Several weeks back, I left Facebook. It had just become too much; I was constantly being fed bad news, day after day, and was witness to (and sometimes participated in) outrage. Usually the outrage was political, but sometimes it was over the most mundane things. I realized that this had made Facebook a place where it was no longer enjoyable to be. I did not Facebook to tell me the country is a frightening place, and I didn’t need it adding to my anxiety.
So, I left. I deactivated my account and took a social media break. I still have other social media accounts, such as Twitter and Instagram, but there’s rarely as much drama on those…or so I thought. My first week on Twitter, I was witness to this.
That’s S. E. Hinton, author of The Outsiders, disparaging graphic novels, and, oh boy, it was an eruption. Every librarian, book fan, and comics professional I follow on Twitter was reposting the tweet with a comment plus commenting on the initial thread. It was shared thousands of times and within minutes articles like this appeared. I’m telling you, it felt like an explosion. Within hours, Hinton had apologized.
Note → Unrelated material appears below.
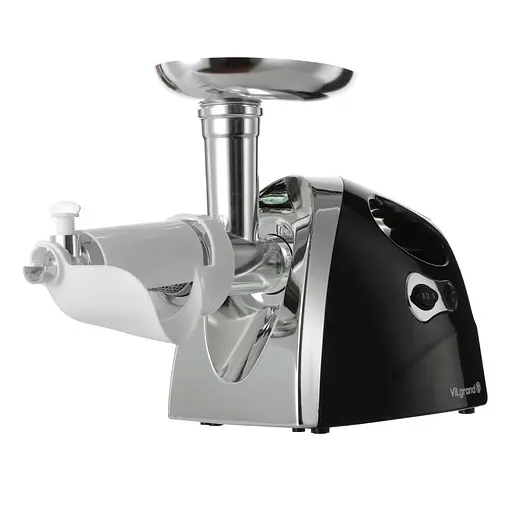 Электромясорубка ViLgrand V203-BRMG Black - фото 2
And yet, despite her swift apology and her obvious willingness to listen and accept new information, Twitter was still coming for Hinton. Even today, I’ve seen calls to HASHTAG CANCEL SE HINTON LIKE OMG. Thus seems to be the inescapable blight of social media; a transgression spreads at the speed of light, but not an apology. Hinton was wrong, of course, comics is a perfectly valid medium and reading comics is perfectly valid reading. I wrote an entire a book about this topic. But cancelling S. E. Hinton with calls to start boycotting her books is, in my opinion, an incredible overreaction. There’s so much in the current world to be outraged about, why add to it?